= Beginning of Section =

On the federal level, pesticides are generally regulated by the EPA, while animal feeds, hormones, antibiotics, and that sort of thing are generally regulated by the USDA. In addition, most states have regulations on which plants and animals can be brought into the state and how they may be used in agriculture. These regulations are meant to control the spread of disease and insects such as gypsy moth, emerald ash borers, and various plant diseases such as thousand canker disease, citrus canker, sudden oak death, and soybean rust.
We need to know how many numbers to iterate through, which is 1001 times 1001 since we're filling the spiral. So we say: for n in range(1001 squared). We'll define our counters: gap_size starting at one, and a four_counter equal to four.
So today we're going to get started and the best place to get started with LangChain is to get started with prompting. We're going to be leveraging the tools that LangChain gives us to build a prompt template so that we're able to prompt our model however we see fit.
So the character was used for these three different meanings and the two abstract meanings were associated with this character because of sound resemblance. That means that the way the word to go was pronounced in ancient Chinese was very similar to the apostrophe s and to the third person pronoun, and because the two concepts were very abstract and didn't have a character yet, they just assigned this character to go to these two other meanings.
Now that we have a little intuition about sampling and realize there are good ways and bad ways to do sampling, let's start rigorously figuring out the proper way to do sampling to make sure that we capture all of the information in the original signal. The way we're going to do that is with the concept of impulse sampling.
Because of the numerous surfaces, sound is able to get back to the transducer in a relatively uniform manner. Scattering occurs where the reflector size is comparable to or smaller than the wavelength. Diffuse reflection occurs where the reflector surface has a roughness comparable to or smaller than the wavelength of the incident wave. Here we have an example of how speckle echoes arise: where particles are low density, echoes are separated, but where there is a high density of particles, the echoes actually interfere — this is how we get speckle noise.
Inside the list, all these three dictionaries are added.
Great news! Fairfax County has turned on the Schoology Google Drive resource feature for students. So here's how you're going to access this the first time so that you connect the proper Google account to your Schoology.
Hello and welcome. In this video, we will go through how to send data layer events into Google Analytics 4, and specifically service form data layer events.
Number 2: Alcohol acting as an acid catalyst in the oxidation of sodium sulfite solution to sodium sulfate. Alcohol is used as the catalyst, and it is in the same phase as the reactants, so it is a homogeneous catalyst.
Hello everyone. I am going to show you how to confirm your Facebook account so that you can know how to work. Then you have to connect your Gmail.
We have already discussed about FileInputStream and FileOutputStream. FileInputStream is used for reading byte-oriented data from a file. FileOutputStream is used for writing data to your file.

= End of Section =

For the listing above, identify each line bearing "Google".

Great news! Fairfax County has turned on the Schoology Google Drive resource feature for students. So here's how you're going to access this the first time so that you connect the proper Google account to your Schoology.
Hello and welcome. In this video, we will go through how to send data layer events into Google Analytics 4, and specifically service form data layer events.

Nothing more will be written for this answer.